Per questa ragione, parole e storie che arrivano dalla guerra andrebbero sempre considerate con attenzione, specie quando sembrano fare troppo il gioco di una parte sull’altra. Personalmente, non ho dubbi su chi abbia torto e chi ragione in questo conflitto, ma il gioco della propaganda è comune ai due schieramenti e bisognerebbe tenersene alla larga.

Ciò detto, qualche volta i tanto vituperati giornalisti fanno il loro lavoro e riportano dal fronte storie che meritano attenzione incondizionata. Come quella raccontata nei giorni scorsi da “Repubblica” con un’intervista di Fabio Tonacci a Fedor Fedorovic Shandor, insegnante ucraino di 47 anni attualmente al fronte nel Donbass con la divisa del 68° battaglione della Brigata di difesa territoriale dei Carpazi.

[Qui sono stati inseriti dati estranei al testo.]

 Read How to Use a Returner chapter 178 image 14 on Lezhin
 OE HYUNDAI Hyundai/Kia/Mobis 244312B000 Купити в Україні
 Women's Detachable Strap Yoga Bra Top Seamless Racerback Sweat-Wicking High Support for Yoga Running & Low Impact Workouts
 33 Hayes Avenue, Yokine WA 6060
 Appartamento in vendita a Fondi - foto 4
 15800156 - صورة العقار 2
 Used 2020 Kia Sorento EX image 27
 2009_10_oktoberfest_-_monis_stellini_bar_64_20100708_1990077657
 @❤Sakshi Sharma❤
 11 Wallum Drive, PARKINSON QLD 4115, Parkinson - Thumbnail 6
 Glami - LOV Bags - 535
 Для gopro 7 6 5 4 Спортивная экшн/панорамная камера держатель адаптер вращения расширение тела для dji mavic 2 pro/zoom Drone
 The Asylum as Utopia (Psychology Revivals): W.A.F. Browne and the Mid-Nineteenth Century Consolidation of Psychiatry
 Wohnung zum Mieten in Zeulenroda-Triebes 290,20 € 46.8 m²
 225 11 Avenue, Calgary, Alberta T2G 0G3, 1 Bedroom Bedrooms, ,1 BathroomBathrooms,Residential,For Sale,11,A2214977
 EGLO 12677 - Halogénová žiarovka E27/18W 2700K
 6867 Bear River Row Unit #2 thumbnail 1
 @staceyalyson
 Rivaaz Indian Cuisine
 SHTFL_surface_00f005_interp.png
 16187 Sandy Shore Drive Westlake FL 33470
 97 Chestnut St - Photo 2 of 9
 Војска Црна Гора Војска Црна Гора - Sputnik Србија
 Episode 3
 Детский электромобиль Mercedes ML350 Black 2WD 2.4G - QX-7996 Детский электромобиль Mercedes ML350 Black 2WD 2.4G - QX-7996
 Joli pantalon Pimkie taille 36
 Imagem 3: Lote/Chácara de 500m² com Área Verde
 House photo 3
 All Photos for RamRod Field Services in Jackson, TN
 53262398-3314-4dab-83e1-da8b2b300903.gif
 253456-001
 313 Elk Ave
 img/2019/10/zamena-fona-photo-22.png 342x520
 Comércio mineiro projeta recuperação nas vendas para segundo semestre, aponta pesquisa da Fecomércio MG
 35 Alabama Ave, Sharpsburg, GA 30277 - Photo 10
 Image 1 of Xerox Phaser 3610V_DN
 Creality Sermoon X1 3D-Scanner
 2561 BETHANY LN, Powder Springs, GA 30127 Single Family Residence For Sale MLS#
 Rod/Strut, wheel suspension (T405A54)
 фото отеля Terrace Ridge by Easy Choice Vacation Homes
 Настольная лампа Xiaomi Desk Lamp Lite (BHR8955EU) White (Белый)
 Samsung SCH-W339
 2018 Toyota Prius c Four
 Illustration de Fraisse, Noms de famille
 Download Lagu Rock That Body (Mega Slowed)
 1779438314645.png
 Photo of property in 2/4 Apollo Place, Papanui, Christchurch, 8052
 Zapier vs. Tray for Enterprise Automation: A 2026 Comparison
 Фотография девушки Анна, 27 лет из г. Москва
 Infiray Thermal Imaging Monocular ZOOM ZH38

Il reparto per cui combatte è l’unico elemento venuto a nostra conoscenza del suo curriculum militare; i titoli accademici, invece, sono un poco più nitidi: Shandor conta su due lauree (Filosofia e Sociologia) e ha pubblicato una decina di libri su turismo e scienze sociali. Come si vede, il suo percorso professionale non è ancora approdato al fondamentale Osservatorio della Luiss ma, insomma, accontentiamoci.

Il 24 febbraio scorso, all’allarme per l’invasione russa, il professor Shandor è andato all’Università, ha tenuto i tre corsi in programma, e si è infine presentato all’ufficio militare più vicino. Da giacca e cravatta, uniforme del “prof”, è passato alla mimetica, ma non per questo ha abbandonato l’insegnamento. Da allora, tiene le sue lezioni online, collegandosi dalla trincea, dalla foresta, da qualunque luogo la guerra lo costringa: il teatro della battaglia diventa aula, il fronte si fa ateneo.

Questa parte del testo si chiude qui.